12:00 NOON. The Federal Communications Bar Association's (FCBA) International Telecommunications Committee will host a brown bag lunch titled "The United Nations World Summit on Information Society (WSIS): Geneva 2003 and the Road to Tunisia 2005". The speaker will be David Gross, Deputy Assistant Secretary for International Communications and Information Policy, Department of State. RSVP to julie.kearney@mci.com. Location: Wiley Rein & Fielding, 1750 K Street, NW.

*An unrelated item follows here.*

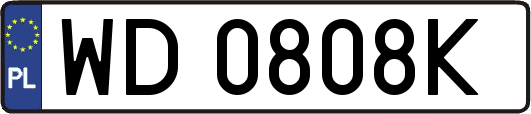 WD0808K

Deadline to submit reply comments to the Federal Communications Commission (FCC) regarding Northland Networks' petition pursuant to 47 U.S.C. § 252(e)(5) requesting that the FCC preempt the jurisdiction of the New York Public Service Commission to resolve a dispute between Northland and Verizon regarding reciprocal compensation and change of law provisions of their interconnection agreements. This is WC Docket No. 03-242. See, FCC notice [PDF].

Hanukkah.

Deadline to submit initial comments to the Copyright Office (CO) in response to its Notice of Inquiry (NOI) regarding notice and recordkeeping for use of sound recordings under statutory license. The CO published a notice in the Federal Register stating that it "is requesting public comment on the adoption of regulations for records of use of sound recordings performed pursuant to the statutory license for public performances of sound recordings by means of digital audio transmissions between October 28, 1998, and the effective date of soon-to-be-announced interim regulations." See, Federal Register: October 8, 2003, Vol. 68, No. 195, at Page 58054.

12/15. Three new members were appointed to the National Institute of Standards and Technology's (NIST) Information Security and Privacy Advisory Board: Bruce Brody (Associate Deputy Assistant Secretary for Cyber and Information Security at the Department of Veterans Affairs), Rebecca Leng (Deputy Assistant Inspector General for Information Technology and Computer Security at the Department of Transportation), and Howard Schmidt (VP and Chief Information Security Officer at Ebay).

12/15. Merit Janow was sworn in as a Member of the Appellate Body at the World Trade Organization (WTO). Janow's background includes teaching at Columbia University, working as a Deputy Assistant U.S. Trade Representative, and working for the law firm of Skadden Arps Slate Meagher & Flom. See, WTO release.

12/16. The Center for Democracy and Technology (CDT) released a report [39 pages in PDF] titled "Implications of the Broadcast Flag: A Public Interest Primer".

12/16. The Federal Communications Commission's (FCC) Wireline Competition Bureau (WCB) announced that it approved the application of OCMC, Inc. to acquire certain telecommunications assets of One Call Internet, Inc. (formerly know as One Call Communications, Inc.). See, FCC release [PDF].